Your instructions: For the material below, count each line where the string "House" appears, then return the total alone.

Supplied records:
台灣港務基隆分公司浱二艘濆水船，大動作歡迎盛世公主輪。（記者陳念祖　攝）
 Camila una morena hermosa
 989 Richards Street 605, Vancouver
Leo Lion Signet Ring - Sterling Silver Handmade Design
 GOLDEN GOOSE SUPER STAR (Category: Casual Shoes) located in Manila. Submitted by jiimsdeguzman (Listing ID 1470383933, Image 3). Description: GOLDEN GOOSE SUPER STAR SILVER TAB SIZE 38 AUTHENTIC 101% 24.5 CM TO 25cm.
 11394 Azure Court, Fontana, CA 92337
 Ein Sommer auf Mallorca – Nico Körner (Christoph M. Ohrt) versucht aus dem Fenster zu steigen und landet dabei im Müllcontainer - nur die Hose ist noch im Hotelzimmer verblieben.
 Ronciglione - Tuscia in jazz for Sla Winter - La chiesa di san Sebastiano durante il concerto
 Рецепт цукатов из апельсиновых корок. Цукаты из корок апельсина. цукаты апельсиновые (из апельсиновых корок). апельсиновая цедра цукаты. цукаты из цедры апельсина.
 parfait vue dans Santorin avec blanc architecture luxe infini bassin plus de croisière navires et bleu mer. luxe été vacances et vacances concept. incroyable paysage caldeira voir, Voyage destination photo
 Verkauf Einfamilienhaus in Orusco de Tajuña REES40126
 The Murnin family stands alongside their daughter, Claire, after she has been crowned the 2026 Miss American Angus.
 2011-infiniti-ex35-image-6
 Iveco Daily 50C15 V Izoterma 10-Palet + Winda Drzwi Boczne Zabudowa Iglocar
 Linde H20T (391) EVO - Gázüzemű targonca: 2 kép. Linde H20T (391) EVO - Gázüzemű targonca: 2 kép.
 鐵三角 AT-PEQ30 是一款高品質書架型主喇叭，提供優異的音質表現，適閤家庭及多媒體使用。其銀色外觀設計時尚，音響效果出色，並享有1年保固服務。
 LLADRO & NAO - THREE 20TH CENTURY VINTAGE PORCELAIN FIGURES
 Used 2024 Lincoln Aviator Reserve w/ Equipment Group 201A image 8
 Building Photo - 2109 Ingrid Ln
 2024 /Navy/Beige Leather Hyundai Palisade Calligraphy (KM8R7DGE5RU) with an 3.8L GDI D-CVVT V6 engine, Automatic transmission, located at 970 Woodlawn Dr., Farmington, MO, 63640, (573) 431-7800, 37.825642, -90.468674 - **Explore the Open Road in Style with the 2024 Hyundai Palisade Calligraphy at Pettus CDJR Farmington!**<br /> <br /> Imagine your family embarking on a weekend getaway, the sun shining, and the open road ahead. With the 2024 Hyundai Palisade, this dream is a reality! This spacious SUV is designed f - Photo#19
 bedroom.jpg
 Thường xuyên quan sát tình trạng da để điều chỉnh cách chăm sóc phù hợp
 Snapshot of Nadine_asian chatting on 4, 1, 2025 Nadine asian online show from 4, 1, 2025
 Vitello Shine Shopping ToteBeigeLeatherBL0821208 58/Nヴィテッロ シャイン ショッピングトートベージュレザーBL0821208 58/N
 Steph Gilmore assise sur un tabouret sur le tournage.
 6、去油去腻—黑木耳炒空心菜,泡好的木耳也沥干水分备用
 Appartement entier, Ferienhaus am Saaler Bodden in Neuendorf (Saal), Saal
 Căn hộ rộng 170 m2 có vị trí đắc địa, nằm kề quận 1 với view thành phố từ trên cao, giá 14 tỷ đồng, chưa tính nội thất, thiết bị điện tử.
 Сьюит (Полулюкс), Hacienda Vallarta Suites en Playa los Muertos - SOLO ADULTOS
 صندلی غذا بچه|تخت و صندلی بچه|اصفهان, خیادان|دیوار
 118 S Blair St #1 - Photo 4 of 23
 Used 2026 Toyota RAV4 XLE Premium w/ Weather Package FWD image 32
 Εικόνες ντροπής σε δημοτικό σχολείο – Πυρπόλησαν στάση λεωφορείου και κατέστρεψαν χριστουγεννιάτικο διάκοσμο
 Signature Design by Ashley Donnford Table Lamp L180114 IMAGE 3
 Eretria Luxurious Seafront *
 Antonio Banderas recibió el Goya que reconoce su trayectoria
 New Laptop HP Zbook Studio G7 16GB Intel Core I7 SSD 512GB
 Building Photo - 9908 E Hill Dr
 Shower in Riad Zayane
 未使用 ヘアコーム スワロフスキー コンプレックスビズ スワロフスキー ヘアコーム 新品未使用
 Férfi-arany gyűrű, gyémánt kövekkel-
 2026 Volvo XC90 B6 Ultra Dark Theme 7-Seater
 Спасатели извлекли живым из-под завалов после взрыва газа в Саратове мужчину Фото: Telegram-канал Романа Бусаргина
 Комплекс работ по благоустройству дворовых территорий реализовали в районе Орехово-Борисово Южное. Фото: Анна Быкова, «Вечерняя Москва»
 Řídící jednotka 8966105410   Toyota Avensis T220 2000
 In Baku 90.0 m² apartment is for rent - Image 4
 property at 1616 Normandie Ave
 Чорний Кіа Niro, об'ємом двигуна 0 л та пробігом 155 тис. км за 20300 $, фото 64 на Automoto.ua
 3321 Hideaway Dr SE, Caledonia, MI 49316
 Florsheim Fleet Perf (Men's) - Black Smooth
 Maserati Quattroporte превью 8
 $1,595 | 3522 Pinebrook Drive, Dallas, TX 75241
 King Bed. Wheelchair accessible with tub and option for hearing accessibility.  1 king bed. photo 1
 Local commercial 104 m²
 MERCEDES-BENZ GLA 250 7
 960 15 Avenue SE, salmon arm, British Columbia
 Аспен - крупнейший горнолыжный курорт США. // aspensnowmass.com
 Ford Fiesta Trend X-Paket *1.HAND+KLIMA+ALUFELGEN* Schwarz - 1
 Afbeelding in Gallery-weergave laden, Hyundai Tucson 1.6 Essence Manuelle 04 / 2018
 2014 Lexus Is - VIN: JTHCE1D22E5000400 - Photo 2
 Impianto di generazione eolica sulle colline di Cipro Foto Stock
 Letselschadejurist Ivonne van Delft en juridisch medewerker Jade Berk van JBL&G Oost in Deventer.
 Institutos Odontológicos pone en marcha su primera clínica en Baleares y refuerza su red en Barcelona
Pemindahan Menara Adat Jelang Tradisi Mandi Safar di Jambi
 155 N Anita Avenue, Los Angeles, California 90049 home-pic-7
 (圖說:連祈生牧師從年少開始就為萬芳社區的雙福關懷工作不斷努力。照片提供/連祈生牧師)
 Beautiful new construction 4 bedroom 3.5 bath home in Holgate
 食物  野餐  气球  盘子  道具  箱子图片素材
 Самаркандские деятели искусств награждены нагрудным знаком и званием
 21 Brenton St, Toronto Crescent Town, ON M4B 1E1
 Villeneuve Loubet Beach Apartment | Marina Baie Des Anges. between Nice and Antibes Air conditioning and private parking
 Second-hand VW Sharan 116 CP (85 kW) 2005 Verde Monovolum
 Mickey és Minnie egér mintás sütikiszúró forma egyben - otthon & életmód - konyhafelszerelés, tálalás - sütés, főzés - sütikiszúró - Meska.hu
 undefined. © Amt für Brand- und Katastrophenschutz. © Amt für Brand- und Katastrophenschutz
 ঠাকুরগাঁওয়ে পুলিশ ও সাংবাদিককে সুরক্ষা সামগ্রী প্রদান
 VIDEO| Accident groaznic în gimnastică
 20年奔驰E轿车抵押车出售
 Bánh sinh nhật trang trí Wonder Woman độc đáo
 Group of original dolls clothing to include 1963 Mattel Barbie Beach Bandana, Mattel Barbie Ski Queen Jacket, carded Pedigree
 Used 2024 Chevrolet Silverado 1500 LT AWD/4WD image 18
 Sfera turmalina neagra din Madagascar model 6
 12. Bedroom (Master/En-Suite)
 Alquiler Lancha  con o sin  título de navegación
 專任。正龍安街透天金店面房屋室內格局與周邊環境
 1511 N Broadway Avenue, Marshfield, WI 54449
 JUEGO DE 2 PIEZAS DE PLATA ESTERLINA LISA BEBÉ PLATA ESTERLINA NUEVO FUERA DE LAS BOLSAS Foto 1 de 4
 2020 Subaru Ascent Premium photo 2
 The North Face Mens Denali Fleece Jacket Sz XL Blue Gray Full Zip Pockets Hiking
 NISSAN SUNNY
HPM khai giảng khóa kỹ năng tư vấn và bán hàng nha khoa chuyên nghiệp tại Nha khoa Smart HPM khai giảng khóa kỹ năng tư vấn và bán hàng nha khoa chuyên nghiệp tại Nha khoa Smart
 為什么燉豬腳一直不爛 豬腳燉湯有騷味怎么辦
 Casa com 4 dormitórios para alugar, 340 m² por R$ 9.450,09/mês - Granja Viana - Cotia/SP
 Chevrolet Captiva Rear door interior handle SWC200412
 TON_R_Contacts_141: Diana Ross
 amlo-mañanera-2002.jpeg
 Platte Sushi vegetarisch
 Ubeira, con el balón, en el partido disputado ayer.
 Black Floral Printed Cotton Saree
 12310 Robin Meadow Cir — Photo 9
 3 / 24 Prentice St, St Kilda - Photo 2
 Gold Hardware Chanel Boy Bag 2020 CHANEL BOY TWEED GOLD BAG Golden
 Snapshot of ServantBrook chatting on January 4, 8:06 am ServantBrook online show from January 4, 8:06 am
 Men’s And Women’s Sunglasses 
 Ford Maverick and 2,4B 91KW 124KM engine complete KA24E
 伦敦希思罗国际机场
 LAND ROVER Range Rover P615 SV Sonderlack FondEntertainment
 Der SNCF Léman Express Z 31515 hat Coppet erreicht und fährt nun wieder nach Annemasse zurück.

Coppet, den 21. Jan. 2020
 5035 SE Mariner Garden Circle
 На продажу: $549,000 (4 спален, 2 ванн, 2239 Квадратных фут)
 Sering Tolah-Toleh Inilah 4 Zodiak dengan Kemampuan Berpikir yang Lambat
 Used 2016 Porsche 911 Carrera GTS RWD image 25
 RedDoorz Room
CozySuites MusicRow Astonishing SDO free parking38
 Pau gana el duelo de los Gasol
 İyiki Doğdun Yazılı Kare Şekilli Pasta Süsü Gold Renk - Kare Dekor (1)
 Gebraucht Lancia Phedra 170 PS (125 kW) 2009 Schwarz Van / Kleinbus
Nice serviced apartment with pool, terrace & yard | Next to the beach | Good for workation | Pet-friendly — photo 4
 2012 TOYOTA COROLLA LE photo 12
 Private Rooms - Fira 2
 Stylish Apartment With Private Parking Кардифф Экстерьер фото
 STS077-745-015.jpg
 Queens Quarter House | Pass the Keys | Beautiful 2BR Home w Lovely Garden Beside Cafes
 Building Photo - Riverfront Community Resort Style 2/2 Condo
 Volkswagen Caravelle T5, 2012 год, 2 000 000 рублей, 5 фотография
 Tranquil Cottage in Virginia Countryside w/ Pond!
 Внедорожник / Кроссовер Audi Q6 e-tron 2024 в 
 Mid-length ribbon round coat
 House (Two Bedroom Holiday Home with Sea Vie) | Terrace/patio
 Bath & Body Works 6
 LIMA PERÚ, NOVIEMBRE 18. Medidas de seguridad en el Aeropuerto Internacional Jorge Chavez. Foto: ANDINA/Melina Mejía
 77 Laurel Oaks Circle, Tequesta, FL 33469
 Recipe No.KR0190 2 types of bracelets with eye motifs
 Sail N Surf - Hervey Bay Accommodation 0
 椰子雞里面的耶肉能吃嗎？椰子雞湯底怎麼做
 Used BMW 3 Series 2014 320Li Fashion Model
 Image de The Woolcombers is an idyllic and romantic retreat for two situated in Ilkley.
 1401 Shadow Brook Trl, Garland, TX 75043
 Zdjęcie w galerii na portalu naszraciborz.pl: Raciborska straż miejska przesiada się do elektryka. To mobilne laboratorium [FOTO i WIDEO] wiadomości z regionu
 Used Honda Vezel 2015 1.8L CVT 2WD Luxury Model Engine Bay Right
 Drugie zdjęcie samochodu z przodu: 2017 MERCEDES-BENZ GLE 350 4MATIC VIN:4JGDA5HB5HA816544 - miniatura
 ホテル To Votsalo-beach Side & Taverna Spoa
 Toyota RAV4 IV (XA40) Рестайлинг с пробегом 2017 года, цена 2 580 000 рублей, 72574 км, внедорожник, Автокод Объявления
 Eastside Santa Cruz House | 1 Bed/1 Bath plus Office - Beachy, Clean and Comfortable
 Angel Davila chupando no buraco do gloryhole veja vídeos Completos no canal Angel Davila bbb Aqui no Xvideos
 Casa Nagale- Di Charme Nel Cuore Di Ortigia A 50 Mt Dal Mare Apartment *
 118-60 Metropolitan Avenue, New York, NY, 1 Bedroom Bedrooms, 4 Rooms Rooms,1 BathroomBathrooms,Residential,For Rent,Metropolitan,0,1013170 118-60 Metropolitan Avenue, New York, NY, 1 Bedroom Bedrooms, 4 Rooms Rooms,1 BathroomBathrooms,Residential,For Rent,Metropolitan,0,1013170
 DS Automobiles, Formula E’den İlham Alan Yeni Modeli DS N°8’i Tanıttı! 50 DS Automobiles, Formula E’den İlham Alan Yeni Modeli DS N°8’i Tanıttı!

Result below: 3